**YOUR OBJECTIVE**
Among the lines below, copy exactly those from the one with "Zeekr 7X 100kWh" through the one with "S2 McCarty 594", counting both ends.

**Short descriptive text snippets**
——

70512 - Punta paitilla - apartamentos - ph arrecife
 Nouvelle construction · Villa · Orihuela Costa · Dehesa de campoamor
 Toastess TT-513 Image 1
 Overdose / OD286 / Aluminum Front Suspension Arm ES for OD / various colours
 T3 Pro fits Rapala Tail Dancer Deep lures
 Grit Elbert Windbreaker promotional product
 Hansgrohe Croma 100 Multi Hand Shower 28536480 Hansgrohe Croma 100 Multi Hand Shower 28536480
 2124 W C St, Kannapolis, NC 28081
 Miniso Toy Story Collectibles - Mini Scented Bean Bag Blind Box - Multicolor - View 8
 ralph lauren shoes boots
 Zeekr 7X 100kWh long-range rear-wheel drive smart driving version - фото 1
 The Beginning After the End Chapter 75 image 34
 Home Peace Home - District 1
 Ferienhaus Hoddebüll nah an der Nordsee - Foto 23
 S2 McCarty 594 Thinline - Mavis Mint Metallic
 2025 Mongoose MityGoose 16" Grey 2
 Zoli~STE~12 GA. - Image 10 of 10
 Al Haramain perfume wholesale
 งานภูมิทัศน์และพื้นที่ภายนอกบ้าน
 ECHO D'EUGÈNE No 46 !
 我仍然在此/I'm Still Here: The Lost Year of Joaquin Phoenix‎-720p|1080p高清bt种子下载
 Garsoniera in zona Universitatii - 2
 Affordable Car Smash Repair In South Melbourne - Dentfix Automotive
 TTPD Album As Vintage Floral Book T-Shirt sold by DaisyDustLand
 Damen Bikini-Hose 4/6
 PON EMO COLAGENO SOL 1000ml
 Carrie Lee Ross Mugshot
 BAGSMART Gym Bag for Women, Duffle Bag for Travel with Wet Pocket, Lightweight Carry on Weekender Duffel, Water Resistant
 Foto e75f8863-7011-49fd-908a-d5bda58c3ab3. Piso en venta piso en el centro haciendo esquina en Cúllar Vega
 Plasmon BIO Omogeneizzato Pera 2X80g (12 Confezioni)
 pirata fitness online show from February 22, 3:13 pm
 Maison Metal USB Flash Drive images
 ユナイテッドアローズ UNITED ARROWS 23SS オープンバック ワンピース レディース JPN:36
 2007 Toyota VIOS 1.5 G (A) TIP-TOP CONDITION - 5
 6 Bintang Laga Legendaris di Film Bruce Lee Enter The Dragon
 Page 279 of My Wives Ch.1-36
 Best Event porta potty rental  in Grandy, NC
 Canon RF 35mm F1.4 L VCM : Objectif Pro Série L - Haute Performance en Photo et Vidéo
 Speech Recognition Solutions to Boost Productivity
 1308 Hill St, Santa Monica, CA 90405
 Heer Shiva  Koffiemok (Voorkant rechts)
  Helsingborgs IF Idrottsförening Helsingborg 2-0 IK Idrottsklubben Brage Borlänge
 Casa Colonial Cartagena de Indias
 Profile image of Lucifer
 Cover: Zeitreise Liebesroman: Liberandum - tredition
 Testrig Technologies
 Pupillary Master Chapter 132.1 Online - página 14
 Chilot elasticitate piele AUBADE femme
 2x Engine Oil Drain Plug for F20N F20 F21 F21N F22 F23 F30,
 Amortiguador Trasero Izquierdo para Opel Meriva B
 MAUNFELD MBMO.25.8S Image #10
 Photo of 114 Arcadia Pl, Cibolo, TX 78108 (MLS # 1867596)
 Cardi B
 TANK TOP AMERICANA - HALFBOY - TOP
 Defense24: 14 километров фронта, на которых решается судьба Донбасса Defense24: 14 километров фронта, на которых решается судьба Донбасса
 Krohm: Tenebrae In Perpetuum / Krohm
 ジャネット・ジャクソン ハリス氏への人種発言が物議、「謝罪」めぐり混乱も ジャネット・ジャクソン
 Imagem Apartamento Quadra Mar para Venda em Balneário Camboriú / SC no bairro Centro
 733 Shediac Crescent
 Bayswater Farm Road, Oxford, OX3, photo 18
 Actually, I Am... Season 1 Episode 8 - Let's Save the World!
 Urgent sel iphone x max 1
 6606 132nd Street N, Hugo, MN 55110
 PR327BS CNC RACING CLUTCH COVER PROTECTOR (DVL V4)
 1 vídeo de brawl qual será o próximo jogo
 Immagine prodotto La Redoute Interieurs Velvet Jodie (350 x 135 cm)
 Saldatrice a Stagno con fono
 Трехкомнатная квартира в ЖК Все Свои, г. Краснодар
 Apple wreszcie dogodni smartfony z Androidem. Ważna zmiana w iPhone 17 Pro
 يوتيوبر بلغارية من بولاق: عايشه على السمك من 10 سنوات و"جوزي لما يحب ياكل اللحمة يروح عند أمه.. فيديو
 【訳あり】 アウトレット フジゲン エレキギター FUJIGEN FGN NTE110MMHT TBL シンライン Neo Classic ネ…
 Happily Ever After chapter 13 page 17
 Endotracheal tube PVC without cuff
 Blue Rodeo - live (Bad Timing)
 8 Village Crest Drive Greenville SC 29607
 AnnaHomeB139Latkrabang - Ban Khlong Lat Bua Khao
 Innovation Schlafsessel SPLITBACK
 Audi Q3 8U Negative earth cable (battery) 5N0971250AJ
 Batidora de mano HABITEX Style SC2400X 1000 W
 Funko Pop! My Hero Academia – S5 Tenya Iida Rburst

——

**ANSWER**
 Zeekr 7X 100kWh long-range rear-wheel drive smart driving version - фото 1
 The Beginning After the End Chapter 75 image 34
 Home Peace Home - District 1
 Ferienhaus Hoddebüll nah an der Nordsee - Foto 23
 S2 McCarty 594 Thinline - Mavis Mint Metallic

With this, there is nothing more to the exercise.